Every line below that has the string "Yellow" adds one to the count. Give that count by itself.

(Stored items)
....................
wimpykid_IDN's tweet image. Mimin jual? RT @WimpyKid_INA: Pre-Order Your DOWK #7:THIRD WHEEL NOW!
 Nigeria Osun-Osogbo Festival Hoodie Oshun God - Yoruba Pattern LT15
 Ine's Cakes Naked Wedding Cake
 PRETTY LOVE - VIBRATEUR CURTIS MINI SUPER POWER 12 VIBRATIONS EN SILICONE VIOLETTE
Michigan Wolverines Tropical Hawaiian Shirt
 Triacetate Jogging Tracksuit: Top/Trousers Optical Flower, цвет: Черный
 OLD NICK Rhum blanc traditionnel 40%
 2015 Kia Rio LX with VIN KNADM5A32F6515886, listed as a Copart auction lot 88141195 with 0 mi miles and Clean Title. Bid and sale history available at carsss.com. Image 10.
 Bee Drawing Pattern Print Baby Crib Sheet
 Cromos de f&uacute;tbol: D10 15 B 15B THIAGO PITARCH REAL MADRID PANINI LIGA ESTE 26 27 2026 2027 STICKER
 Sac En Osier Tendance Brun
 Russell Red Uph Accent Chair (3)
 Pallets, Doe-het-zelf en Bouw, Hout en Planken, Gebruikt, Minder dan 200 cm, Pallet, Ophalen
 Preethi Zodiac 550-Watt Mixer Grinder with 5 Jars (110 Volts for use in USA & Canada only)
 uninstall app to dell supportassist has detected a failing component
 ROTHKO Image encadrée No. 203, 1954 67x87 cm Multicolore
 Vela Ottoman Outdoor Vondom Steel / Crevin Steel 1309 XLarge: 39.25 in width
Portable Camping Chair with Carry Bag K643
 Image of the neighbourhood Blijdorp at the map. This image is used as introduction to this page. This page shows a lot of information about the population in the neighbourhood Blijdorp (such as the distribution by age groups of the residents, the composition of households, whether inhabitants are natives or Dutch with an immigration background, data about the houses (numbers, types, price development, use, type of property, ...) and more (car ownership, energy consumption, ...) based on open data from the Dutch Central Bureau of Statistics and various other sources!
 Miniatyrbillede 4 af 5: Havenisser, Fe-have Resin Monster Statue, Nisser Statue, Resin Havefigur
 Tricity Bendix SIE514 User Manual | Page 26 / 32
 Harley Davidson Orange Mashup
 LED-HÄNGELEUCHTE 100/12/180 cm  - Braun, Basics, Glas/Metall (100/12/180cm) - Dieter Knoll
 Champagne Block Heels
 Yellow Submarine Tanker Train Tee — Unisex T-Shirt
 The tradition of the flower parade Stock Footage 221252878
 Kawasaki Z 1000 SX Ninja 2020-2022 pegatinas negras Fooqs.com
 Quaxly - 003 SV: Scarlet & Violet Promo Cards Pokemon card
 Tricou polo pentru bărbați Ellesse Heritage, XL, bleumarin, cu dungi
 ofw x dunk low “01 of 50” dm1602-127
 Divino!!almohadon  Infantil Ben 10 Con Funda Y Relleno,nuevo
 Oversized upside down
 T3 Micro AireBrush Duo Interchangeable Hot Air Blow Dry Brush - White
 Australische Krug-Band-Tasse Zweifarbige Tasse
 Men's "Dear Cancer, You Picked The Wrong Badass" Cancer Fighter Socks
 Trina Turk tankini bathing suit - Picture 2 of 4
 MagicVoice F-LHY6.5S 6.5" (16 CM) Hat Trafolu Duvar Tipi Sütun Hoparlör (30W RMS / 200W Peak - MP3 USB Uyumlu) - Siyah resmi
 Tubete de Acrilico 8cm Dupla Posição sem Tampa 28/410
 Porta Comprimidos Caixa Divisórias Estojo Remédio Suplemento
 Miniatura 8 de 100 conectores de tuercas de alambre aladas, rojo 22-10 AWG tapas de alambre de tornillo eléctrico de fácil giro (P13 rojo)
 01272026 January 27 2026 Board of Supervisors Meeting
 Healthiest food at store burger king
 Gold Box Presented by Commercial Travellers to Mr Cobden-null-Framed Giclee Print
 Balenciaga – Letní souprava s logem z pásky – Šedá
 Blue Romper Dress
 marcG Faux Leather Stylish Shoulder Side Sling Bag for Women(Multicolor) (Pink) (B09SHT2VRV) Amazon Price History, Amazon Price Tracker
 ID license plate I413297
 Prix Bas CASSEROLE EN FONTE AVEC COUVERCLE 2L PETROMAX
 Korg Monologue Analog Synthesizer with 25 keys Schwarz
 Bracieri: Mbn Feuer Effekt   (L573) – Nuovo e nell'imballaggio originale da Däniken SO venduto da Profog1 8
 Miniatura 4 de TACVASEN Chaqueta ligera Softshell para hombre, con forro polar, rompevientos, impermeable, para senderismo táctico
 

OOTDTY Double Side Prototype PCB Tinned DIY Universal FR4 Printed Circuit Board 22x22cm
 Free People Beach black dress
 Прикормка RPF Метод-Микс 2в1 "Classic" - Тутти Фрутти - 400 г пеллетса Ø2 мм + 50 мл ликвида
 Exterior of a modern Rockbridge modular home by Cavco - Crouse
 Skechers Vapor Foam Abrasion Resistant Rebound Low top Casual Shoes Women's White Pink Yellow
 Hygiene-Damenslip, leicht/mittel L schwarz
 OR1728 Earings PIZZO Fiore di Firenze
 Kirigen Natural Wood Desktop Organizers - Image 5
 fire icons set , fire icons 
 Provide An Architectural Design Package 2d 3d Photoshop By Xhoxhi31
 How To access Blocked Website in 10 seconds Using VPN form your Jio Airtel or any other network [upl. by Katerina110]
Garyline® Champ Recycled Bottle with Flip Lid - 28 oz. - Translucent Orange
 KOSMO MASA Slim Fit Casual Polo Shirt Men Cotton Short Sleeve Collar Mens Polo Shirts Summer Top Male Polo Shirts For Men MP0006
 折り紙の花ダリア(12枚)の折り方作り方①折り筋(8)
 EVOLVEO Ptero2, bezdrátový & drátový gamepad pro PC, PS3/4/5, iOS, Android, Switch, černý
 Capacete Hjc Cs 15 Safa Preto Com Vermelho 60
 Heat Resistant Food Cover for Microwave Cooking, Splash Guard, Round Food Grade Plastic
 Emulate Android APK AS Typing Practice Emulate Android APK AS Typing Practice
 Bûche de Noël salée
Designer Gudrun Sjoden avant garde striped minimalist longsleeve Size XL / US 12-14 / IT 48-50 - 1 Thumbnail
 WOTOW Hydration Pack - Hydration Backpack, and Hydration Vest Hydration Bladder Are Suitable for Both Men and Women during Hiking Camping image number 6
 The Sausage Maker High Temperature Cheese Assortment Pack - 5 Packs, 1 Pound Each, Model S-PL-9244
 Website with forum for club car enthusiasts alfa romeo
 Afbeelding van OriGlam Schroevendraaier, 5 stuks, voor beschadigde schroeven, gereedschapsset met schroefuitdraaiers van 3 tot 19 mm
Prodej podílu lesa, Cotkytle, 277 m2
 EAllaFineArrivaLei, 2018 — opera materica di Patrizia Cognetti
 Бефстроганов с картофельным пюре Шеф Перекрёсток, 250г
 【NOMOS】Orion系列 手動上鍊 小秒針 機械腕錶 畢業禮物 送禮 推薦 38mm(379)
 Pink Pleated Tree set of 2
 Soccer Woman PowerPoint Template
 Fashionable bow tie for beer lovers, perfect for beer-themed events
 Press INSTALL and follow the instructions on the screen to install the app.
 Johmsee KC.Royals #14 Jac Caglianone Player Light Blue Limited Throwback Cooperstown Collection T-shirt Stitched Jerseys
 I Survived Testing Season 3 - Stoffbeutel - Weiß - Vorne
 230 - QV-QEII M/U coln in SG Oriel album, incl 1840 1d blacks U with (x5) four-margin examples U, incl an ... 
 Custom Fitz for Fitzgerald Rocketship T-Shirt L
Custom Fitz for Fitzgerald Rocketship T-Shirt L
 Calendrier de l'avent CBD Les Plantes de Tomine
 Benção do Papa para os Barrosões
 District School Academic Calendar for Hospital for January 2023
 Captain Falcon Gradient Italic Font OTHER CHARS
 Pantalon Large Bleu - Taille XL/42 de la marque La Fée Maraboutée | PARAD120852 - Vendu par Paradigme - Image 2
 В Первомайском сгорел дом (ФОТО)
....................
### [Response to this exercise]
2